Mit einem Kleinbus reisten 13 Fans aus der Schweiz gemeinsam nach München. Die Reise war sehr angenehm und Kurzweilig. Kurz nach 18h erreichten wir München, und bald darauf die Halle. Nach waren wir zu früh für den Einlass, doch bevor wir richtig eine Alternative zum Anstehen suchen konnte, gingen die Türen auf. Der Einlass wurde streng kontrolliert, und jedes Ticket gescannt. In der Halle besetzen wir gleich ein paar Steh-Bars, und plauderten bis die Vorband zu spielen begonnen hatte. Kur vor Spielende der Vorband machten wir uns auf den Weg zu unseren Plätzen, ca. in der Mitte der Halle auf halber Höhe der Tribüne. Kaum am Platz angekommen, wurden wir gefragt ob wir ev. mit zwei Bekannten unserer Sitznachbahren Tauschen könnten. Die neuen Plätze waren genial, die hätte ich niemals freiwillig getauscht. Wir sassen nun auf Höhe der Vorgelagerten Bühne. Von hier waren Martin, Dave und Fletch richtig zu erkennen, nicht nur zu erahnen.

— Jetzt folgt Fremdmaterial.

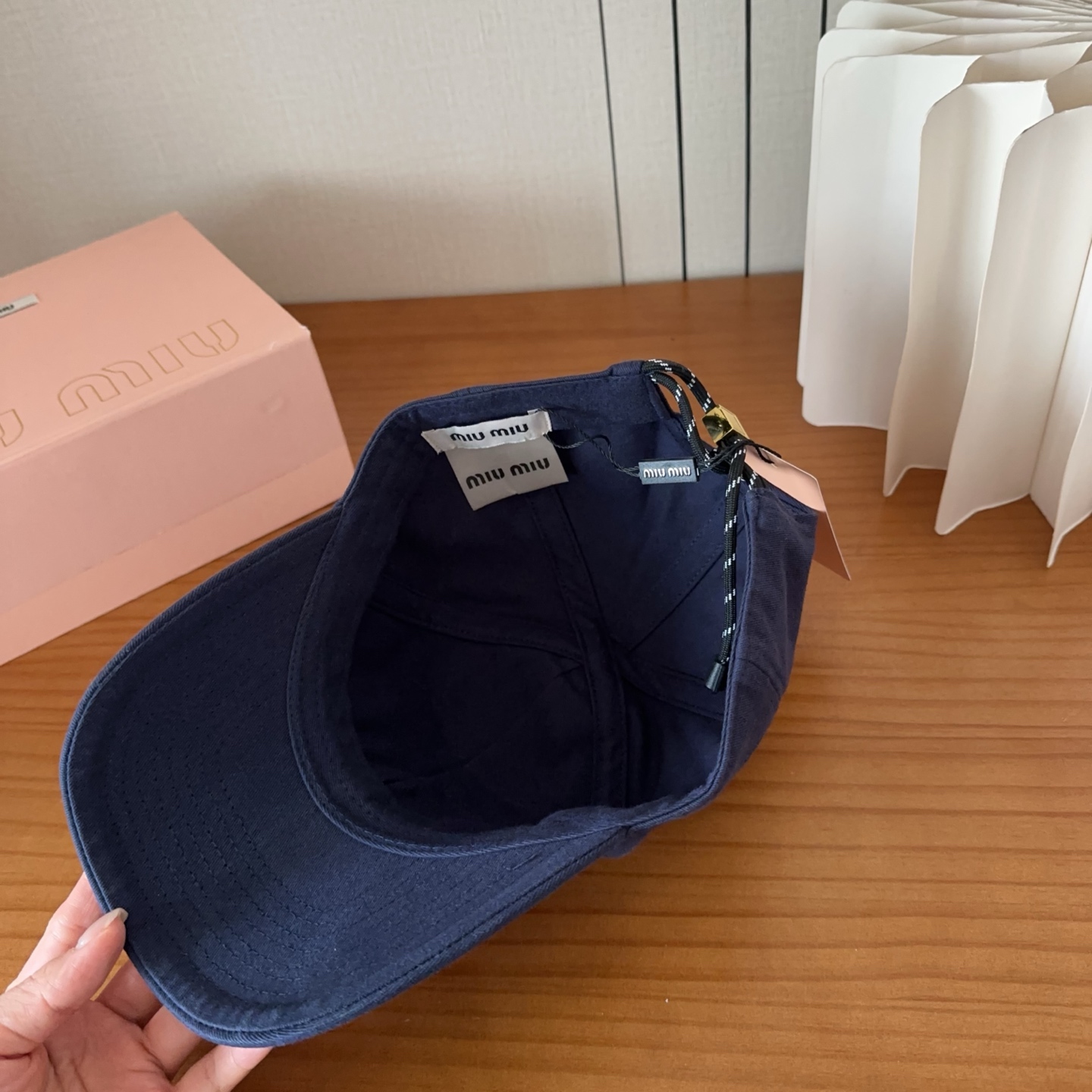 miumiu 缪缪秋冬新品棒球帽 原单正品开模订制，原版做工细致质量超赞！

Die Stimmung vor dem Konzert war zwar heiss, jedoch haben die Münchner-Fans erst recht spät begonnen aufzublühen. Dennoch ist es immer wieder schön zu erleben wie der Hexenkessel in München zu kochen beginnt.
Das Konzert und die Akustik waren einfach genial. Ich konnte diesmal sogar die Gesichtszüge der Jungs erkennen, und auch die waren gut gelaunt. Das Martin nach jedem Song das Instrument wechselt, war mir bislang gar nie richtig aufgefallen. Besonders Martins Solo kam mir in München ganz deftig rüber, der Mann liess sich Feiern, eine wahre Freude ihm zuzusehen, vom zuhören ganz zu schweigen, das ist einfach ein Genuss.
Die Stimmung während des ganzen Konzertes war genial, und von einem Titel zum nächsten ausgelassener. Never let me down, immer wieder genial, und jedes Mal eine Freude wenn man einen Blick durch die Halle wirft. Bis auf eine handvoll Fans, lässt jeder seine Arme tanzen im Takte der Musik.
Was mich jedes Mal von neuem erstaunt ist die Faszination, des Tempowechsels. Suffer well, ein ruhiges Musikstück wir plötzlich zur Granate und findet am Ende wieder das Tempo, ohne auch nur einen Bruchteil an der Harmonie des Songs zu verlieren dafür gewinnt der Song sehr viel.
Nach zwei Stunden purem hör- und seh-genuss versammelten sich alle pünklich beim Bus, und wir wurden zurück in die Heimat chauffiert. Natürlich war auch die Stimmung im Car genial, und doch bald darauf ziemlich ruhig, schlafens-still.
Die Olympiahalle in München habe ich sicherlich nicht das letzte Mal bereist für einen Konzert-Gig.